● DATASET RECORDS
_ _ _ _ _

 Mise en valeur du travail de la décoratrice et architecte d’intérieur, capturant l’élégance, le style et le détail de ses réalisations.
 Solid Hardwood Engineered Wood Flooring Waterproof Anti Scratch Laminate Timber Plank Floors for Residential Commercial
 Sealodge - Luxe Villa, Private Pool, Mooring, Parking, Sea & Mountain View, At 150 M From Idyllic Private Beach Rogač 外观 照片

_ _ _ _ _

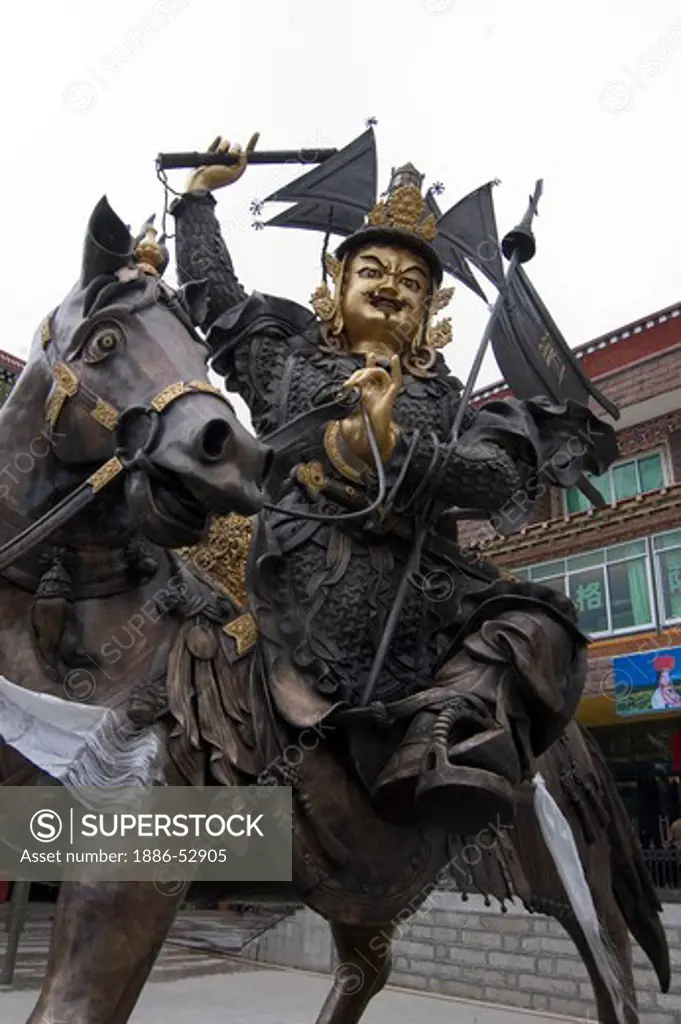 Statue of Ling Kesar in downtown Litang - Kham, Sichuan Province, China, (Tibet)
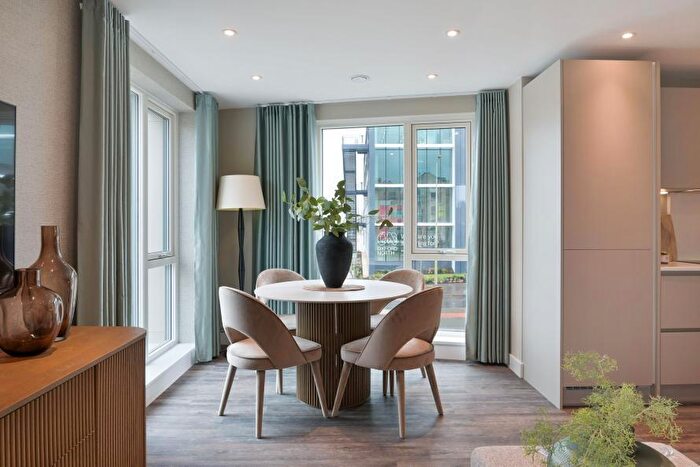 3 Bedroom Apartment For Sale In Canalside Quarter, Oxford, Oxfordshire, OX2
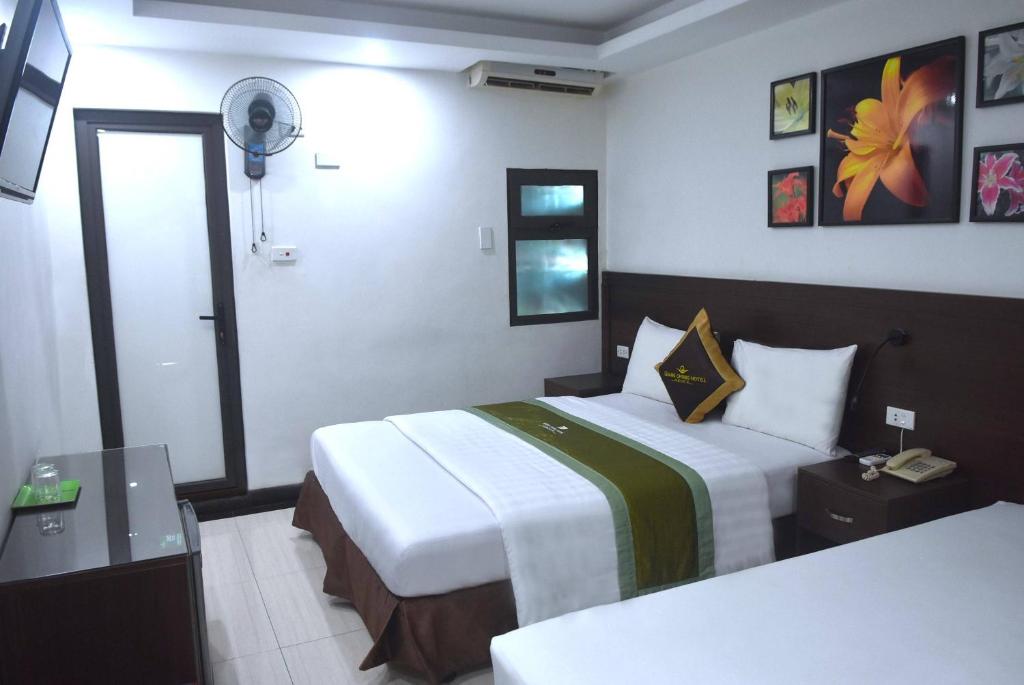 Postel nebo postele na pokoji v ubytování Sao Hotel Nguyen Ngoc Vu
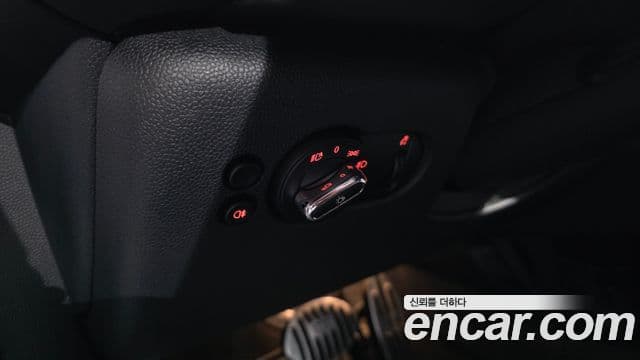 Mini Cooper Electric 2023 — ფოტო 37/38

_ _ _ _ _

● ACTIVITY
In the listing above, the lines from the one containing "Mise en valeur" through the one containing "Sealodge - Luxe" must be set down exactly, with no other lines.

● FINISHED TASK
 Mise en valeur du travail de la décoratrice et architecte d’intérieur, capturant l’élégance, le style et le détail de ses réalisations.
 Solid Hardwood Engineered Wood Flooring Waterproof Anti Scratch Laminate Timber Plank Floors for Residential Commercial
 Sealodge - Luxe Villa, Private Pool, Mooring, Parking, Sea & Mountain View, At 150 M From Idyllic Private Beach Rogač 外观 照片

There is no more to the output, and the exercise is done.